# binomial theorem for all powers

• Aug 31st 2012, 02:12 AM
startanewww
binomial theorem for all powers
My book mentioned that
"If -1<x<1, then (1+x)^n = 1 + nx + n(n-1)(x^2)/2! + n(n-1)(n-2)(x^3)/3! + ... + n(n-1)(n-2)...(n-r+1)(x^r)/r! + ..."
Why -1<x<1? Why is this restriction on x necessary?
• Aug 31st 2012, 02:49 AM
Prove It
Re: binomial theorem for all powers
Quote:

Originally Posted by startanewww
My book mentioned that
"If -1<x<1, then (1+x)^n = 1 + nx + n(n-1)(x^2)/2! + n(n-1)(n-2)(x^3)/3! + ... + n(n-1)(n-2)...(n-r+1)(x^r)/r! + ..."
Why -1<x<1? Why is this restriction on x necessary?

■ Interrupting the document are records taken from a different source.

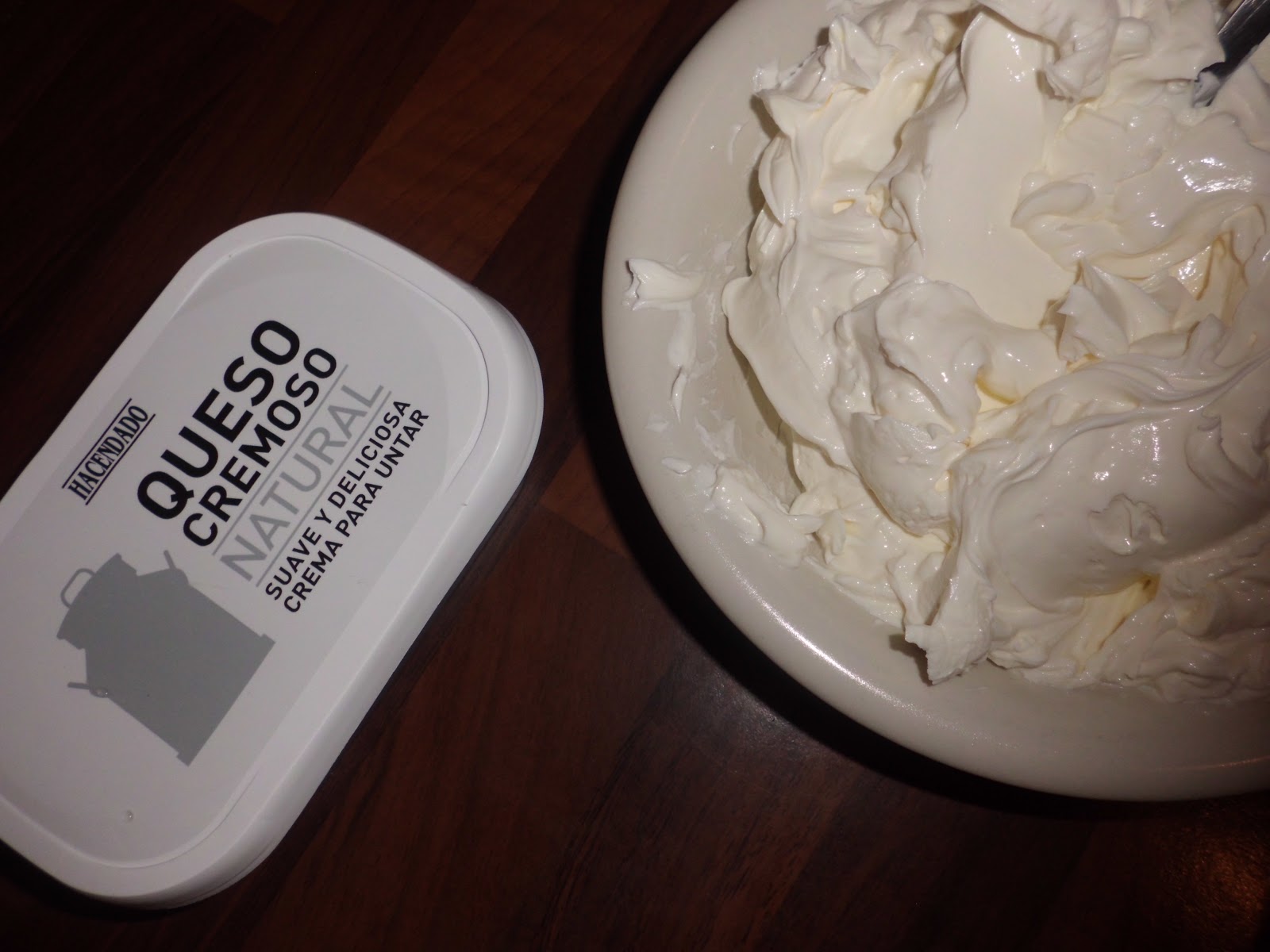 Sweet Art...siempre hay sitio para el postre Frosting de Queso Crema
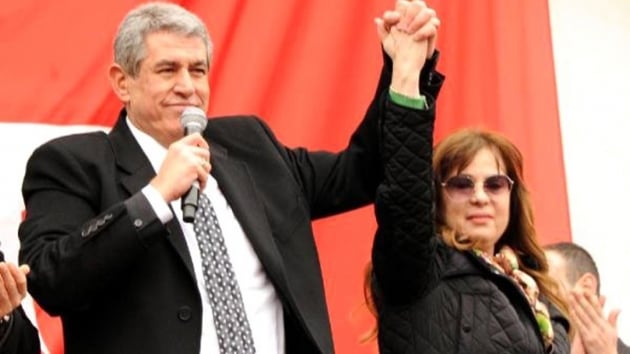 Bal�ova'da CHP aday� belediye ba�kan�n�n e�i olunca, aday adaylar� tepki g�sterdi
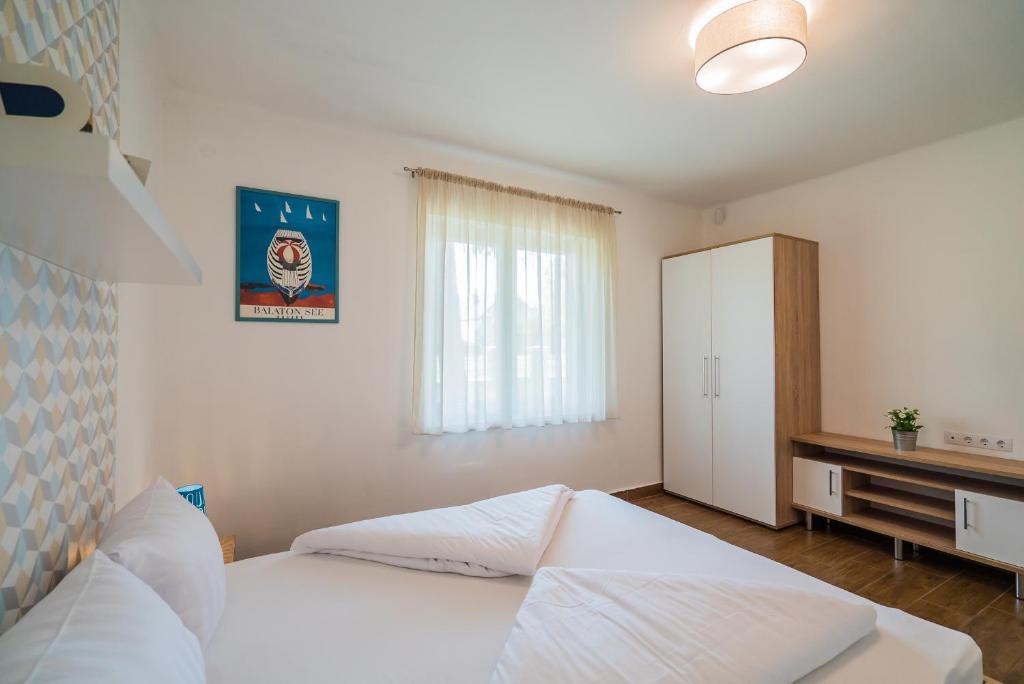 Posteľ alebo postele v izbe v ubytovaní Villa Magdolna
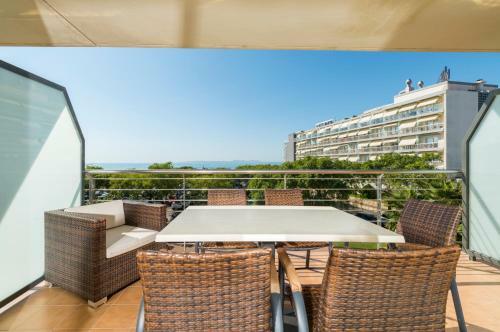 Apartaments Terraza - Salat� Mar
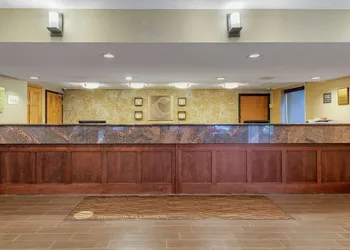 Comfort Inn Lansing West hotel thumbnail 2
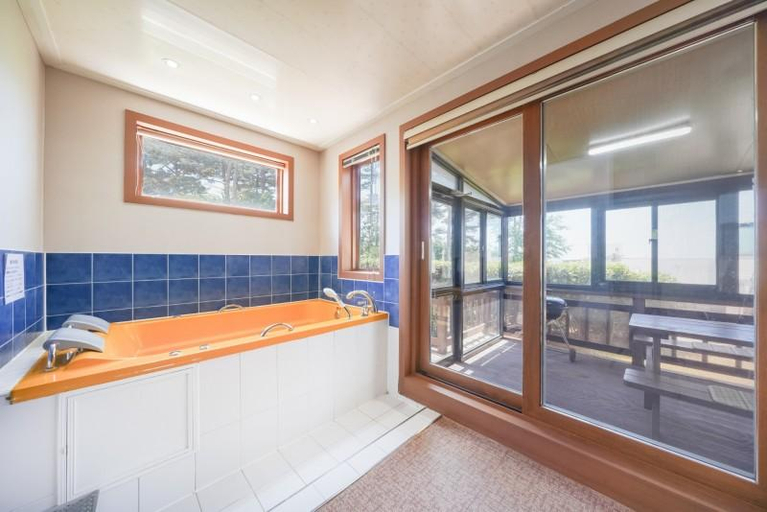 Bathroom, Taean (Anmyeondo) Solmi Label Pension, Taean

Because it's possible that infinite series might diverge (go to infinity). You need to check the interval for which the series is convergent.
• Aug 31st 2012, 02:58 AM
startanewww
Re: binomial theorem for all powers
In that case, shouldn't the restriction be "x =/= +infinity or -infinity (when n is just a small number)"?
If -1<x<1, will the value of (1+x)^n be very small?
I really don't understand..
• Aug 31st 2012, 03:11 AM
Prove It
Re: binomial theorem for all powers
The series depends on x. But the series itself is only convergent if it follows specific conditions, which means that it will only be convergent for particular values of x (the ones which will satisfy the conditions). I suggest you research convergence tests for infinite series.
• Aug 31st 2012, 04:10 AM
Plato
Re: binomial theorem for all powers
Quote:

Originally Posted by startanewww
My book mentioned that
"If -1<x<1, then (1+x)^n = 1 + nx + n(n-1)(x^2)/2! + n(n-1)(n-2)(x^3)/3! + ... + n(n-1)(n-2)...(n-r+1)(x^r)/r! + ..."
Why -1<x<1? Why is this restriction on x necessary?

I think that you are missing the point.
$\displaystyle {\left( {1 + x} \right)^n} = \sum\limits_{k = 0}^n {{\binom{n}{k} x^k}}$ for any $\displaystyle x\in\mathbb{R}$.
So it would be true for $\displaystyle -1<x<1.$
• Aug 31st 2012, 04:21 AM
Prove It
Re: binomial theorem for all powers
Quote:

Originally Posted by Plato
I think that you are missing the point.
$\displaystyle {\left( {1 + x} \right)^n} = \sum\limits_{k = 0}^n {{\binom{n}{k} x^k}}$ for any $\displaystyle x\in\mathbb{R}$.
So it would be true for $\displaystyle -1<x<1.$

The OP was actually referring to the GENERALISED Binomial Theorem, which is an infinite series.